Exposure and Less Red Tape in Lieu of Monetary Incentives
In "Netflix Movies: Producers Weigh Hidden Downsides," Hollywood Reporter's Pamela McClintock writes about Netflix's acquisition strategy through the lens of two recently commissioned feature-length war dramas (Cary Fukunaga's already-uploaded Beasts of No Nation, and Richie Smyth's Jadotville, currently in post-production), as well as multi-title deals with Adam Sandler (for four feature-length comedies) and Leonardo DiCaprio (for a documentary series on the environment). Although Netflix will shell out what seems to be handsome premiums for the distribution rights of a film, they are usually lump sums without any offer of backend, which is generally where most profits are made should a project be successful.
The ramifications of Beasts of No Nation's release, simultaneously available for streaming on Netflix and screening in theaters with a limited release, was unusual, to say the least. As CinemaBlend reports, Netflix "broke the sacred 90-day window that's typically observed from a film's theatrical release before moving to other mediums," which led to "theater chains like Regal, AMC, Cinemark and Carmike to go so far as to boycott the film altogether."
A person close to the film told McClintock that she and her producers at Participant Media debated "endlessly" before accepting the deal, saying, "Netflix wants to break new ground with this film and create a new paradigm for watching specialty movies" before conceding that "It was a buyout. Netflix has to make it worth your while to give up the lottery ticket."
However, the team behind Jadotville were a bit more optimistic because the agreement with Netflix helped alleviate the typically labyrinthine finance structure associated with a feature-length film.
"The traditional 'independent' model would have meant an interparty structure of seven or eight individual parties wrapped up in a banking deal and the ever possible potential for differing creative objectives," Jadotville producer Alan Moloney told Hollywood Reporter. "This way, we have one source of financing and a very supportive creative partner. What's not to love?"

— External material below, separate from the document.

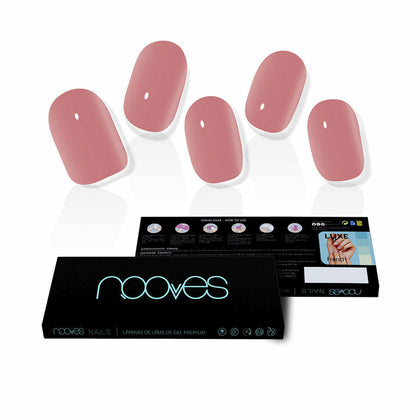 Uñas postizas Nooves Dusty Rose Gel Autoadhesivas Cat Eye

His optimism toward the partnership with Netflix is key, ostensibly referring to Netflix's good brand. Many directors/producers will "forfeit" any perceived revenue in order to associate with a company that played an important role in the "Golden Age of Television" (but in many ways jumpstarted the era of "Peak TV"). And if nothing else, at least there would be a receptive audience for a product that might be otherwise niche.
Netflix Banks on Nostalgia in More Ways Than One
As a side note: Netflix can and will purchase the rights to older, syndicated shows in bulk because they are usually sold at a cheaper rate. Expanding their catalog at an economical rate continues to give consumers more bang for their buck, but it also gives the company the opportunity to bank on nostalgia; reboots of Arrested Development, and Wet Hot American Summer have already been uploaded to Netflix's library. Elsewhere, purchasing rights to an entire series can contribute to a runaway nostalgia effect; Netflix's ordering of a Gilmore Girls miniseries reboot stemmed from public interest, the buzz of which undoubtedly started after Netflix uploaded the original series in its entirety to its catalog.